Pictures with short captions

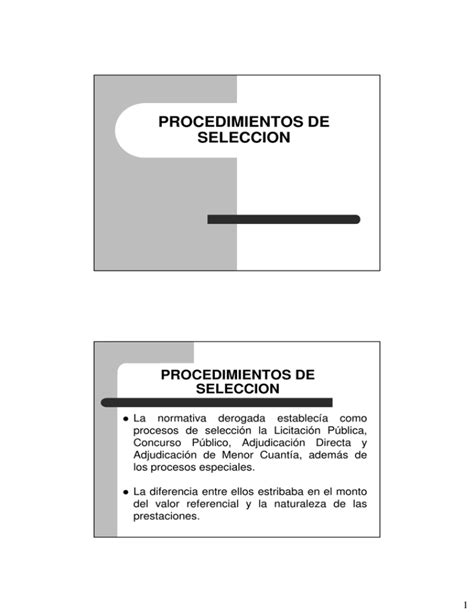 PROCEDIMIENTOS DE SELECCION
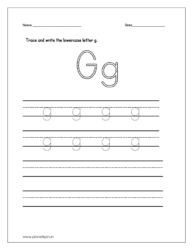 Trace and write the lowercase letter g on four line worksheet.
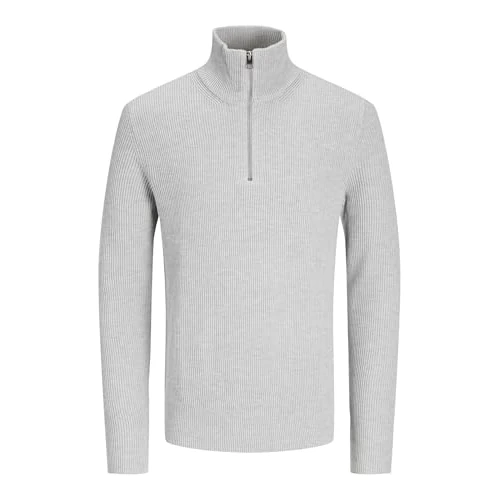 JACK & JONES Cárdigan Masculino con Cremallera de Cuarto de Color Liso Chaqueta de Punto con Cremallera de Cuarto, Gris Claro, XXL
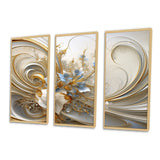 Tender Light Blue Floral Whirling Spiral I - 3-Piece Canvas Wall Art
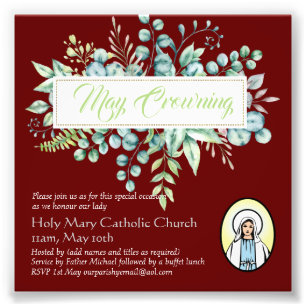 May Crowning Invites Virgin Mary Catholic Invites Photo Print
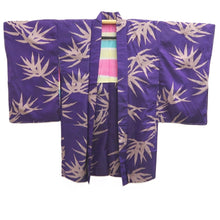 Load image into Gallery viewer, Haori Jacket Vintage(1920-1950) Blueish Purple Meisen Bamboo leaf Silk #11052A3
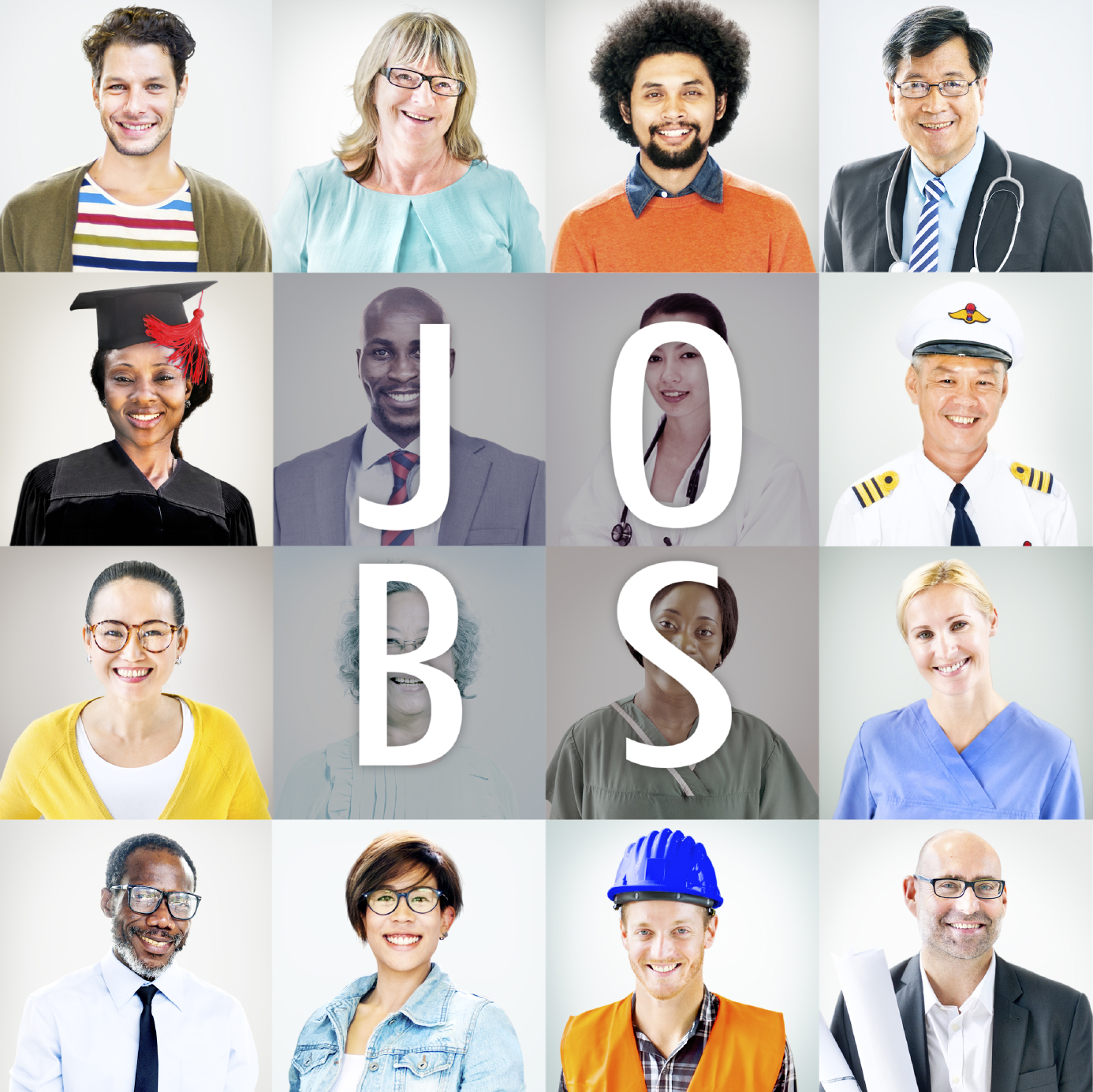 diverse workers with word jobs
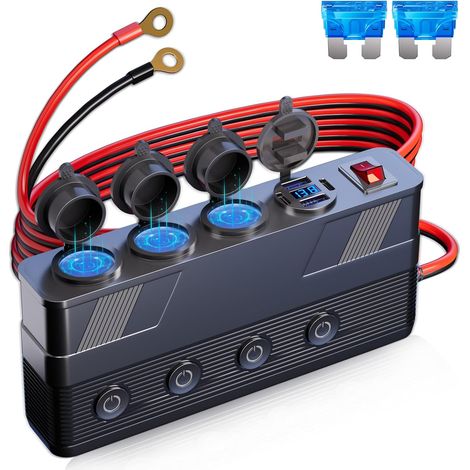 Répartiteur Allume-cigare 12V, Prise Allume Cigare 12V avec Rallonge 3M 3 Prises 12V + 4 Ports USB 2A+2C, Interrupteurs Indépendants, Voyants LED, Capuchons de Protection, pour Voiture Car SUV (1/5)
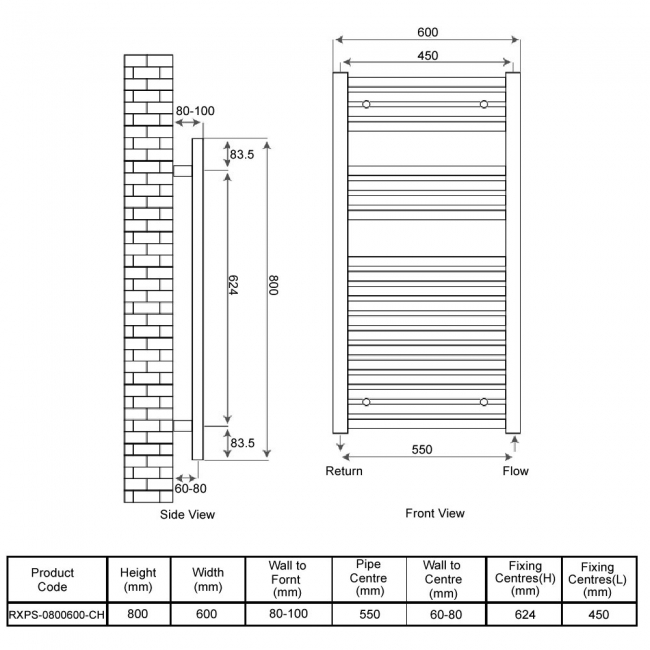 Radox Premier Straight Heated Towel Rail 800mm H x 600mm W - Chrome  | Dimension Image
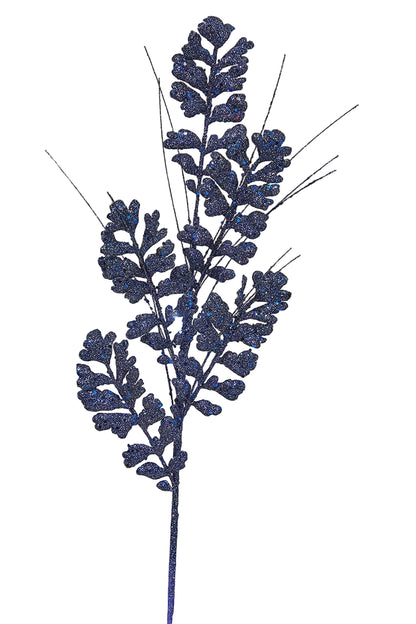 29 Inch Midnight Blue Glitter Sequin Forest Fern Spray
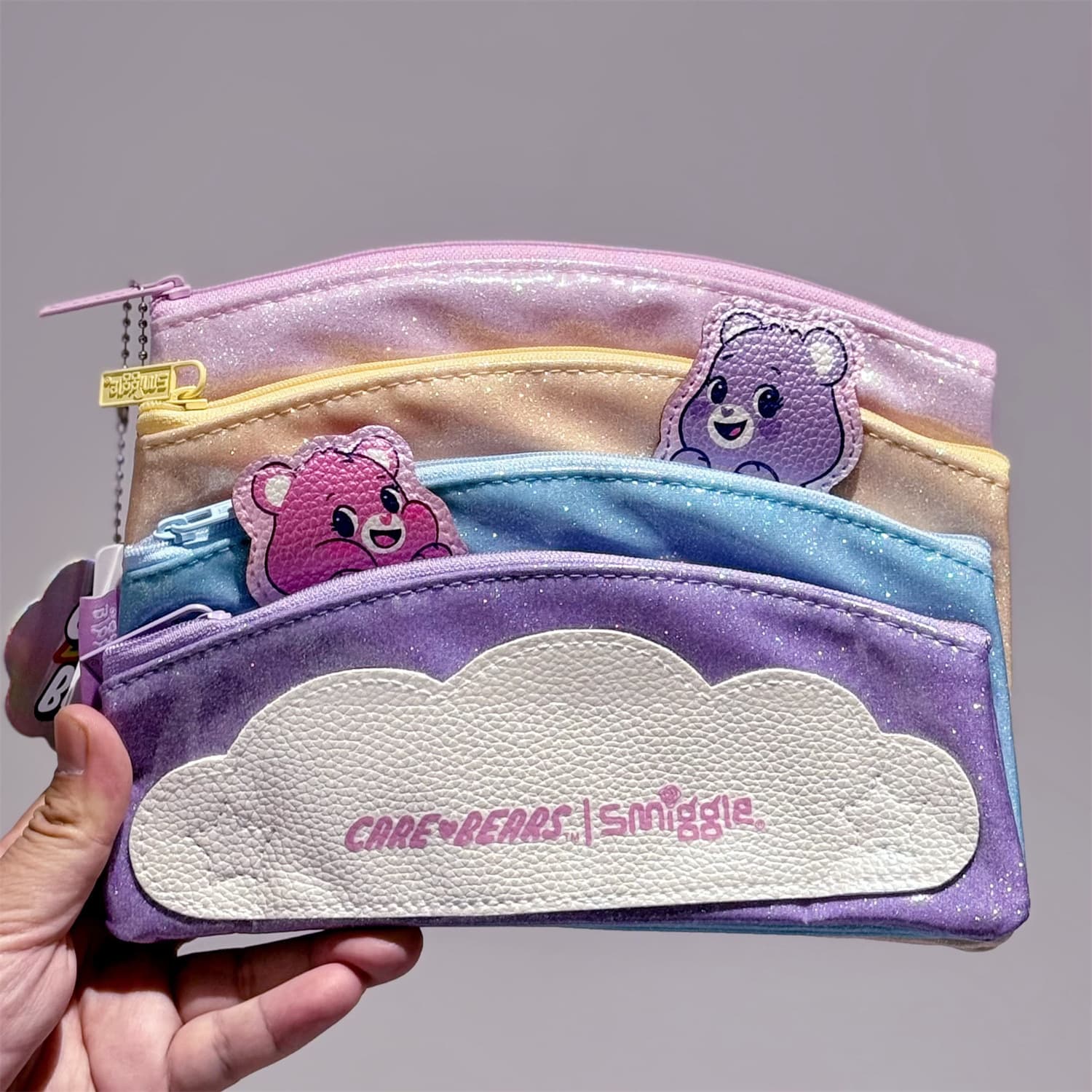 Australian Smiggle Brand Double-Layer Pencil Bag Pink Rainbow Multi-Functional Storage Pencil Case Student Stationery Box Unicorn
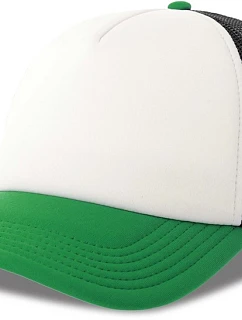 Atlantis Headwear Rapper-S 5 panelová Trucker kšiltovka 33.0262 white/black/green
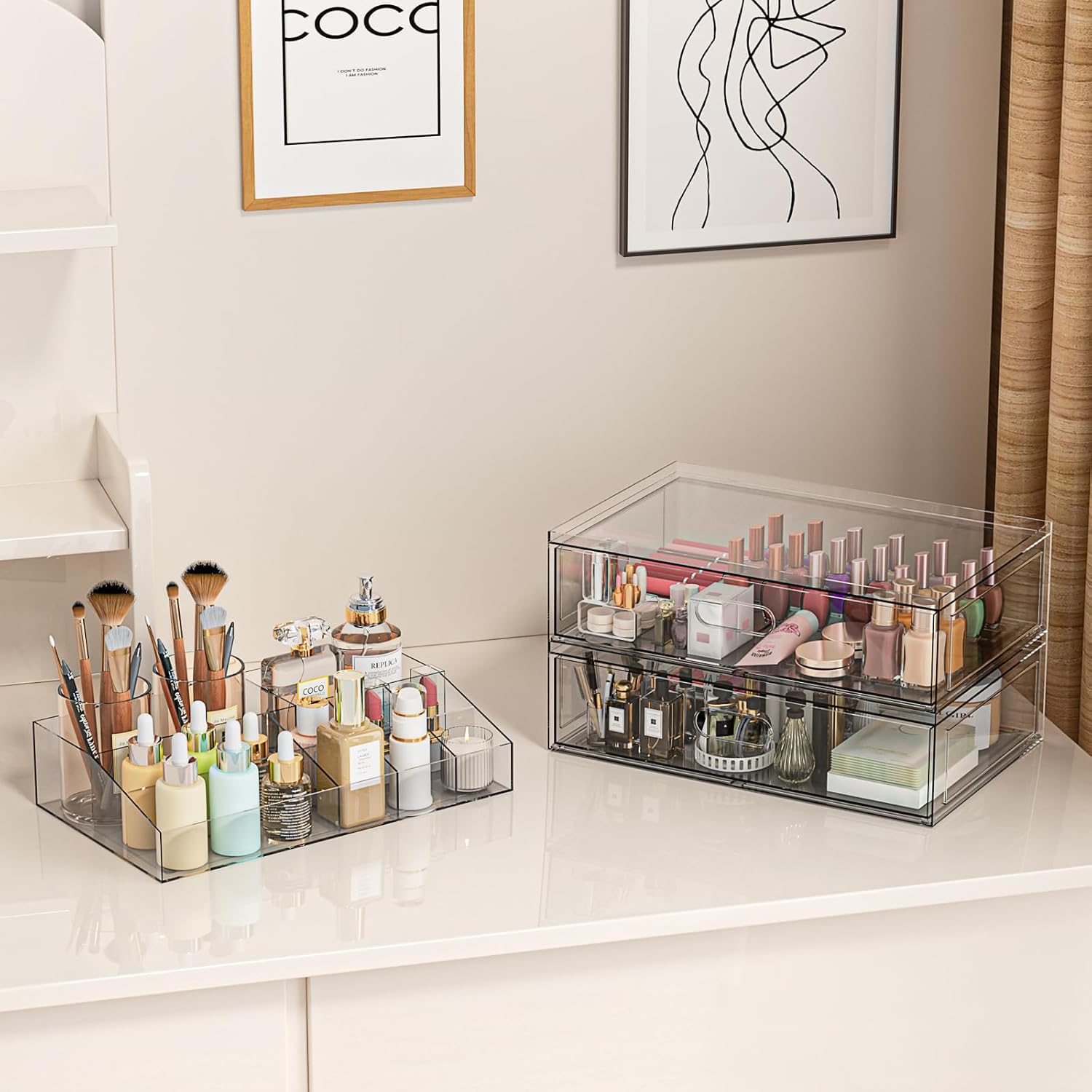 Private Label Clear Stackable Makeup Organizer with Drawer, 12''W Acrylic Storage Drawers, Cosmetic Display Case for Vanity Bathroom Countertop, Beauty Holder for Lipstick Brush Skincare Perfume Factory Direct Price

Goal of the exercise: Your copy should match the records above word for word, but without images.

Output for this exercise:
 PROCEDIMIENTOS DE SELECCION
 Trace and write the lowercase letter g on four line worksheet.
 JACK & JONES Cárdigan Masculino con Cremallera de Cuarto de Color Liso Chaqueta de Punto con Cremallera de Cuarto, Gris Claro, XXL
 Tender Light Blue Floral Whirling Spiral I - 3-Piece Canvas Wall Art
 May Crowning Invites Virgin Mary Catholic Invites Photo Print
 Load image into Gallery viewer, Haori Jacket Vintage(1920-1950) Blueish Purple Meisen Bamboo leaf Silk #11052A3
 diverse workers with word jobs
 Répartiteur Allume-cigare 12V, Prise Allume Cigare 12V avec Rallonge 3M 3 Prises 12V + 4 Ports USB 2A+2C, Interrupteurs Indépendants, Voyants LED, Capuchons de Protection, pour Voiture Car SUV (1/5)
 Radox Premier Straight Heated Towel Rail 800mm H x 600mm W - Chrome  | Dimension Image
 29 Inch Midnight Blue Glitter Sequin Forest Fern Spray
 Australian Smiggle Brand Double-Layer Pencil Bag Pink Rainbow Multi-Functional Storage Pencil Case Student Stationery Box Unicorn
 Atlantis Headwear Rapper-S 5 panelová Trucker kšiltovka 33.0262 white/black/green
 Private Label Clear Stackable Makeup Organizer with Drawer, 12''W Acrylic Storage Drawers, Cosmetic Display Case for Vanity Bathroom Countertop, Beauty Holder for Lipstick Brush Skincare Perfume Factory Direct Price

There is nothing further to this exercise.